GIVEN DATA:
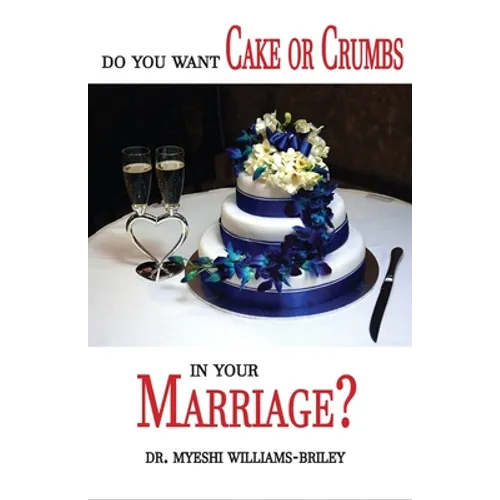 Do You Want Cake Or Crumbs In Your Marriage?: Do You Want Cake Or Crumbs In Your Marriage?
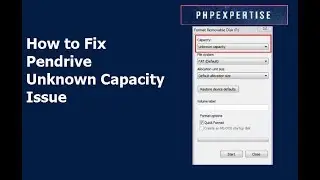 How to solve usb showing unknown capacity | Pendrive | phpexpertise.com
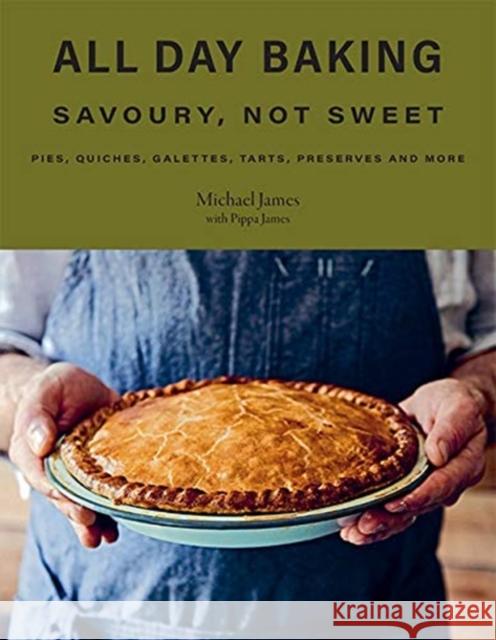 All Day Baking: Savoury, Not Sweet Pippa James 9781743796993 Hardie Grant Books - książka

EXERCISE OBJECTIVE: Each line from the top of the material through the line containing "How to solve" should be reproduced exactly; please drop any images.

EXERCISE ANSWER:
 Do You Want Cake Or Crumbs In Your Marriage?: Do You Want Cake Or Crumbs In Your Marriage?
 How to solve usb showing unknown capacity | Pendrive | phpexpertise.com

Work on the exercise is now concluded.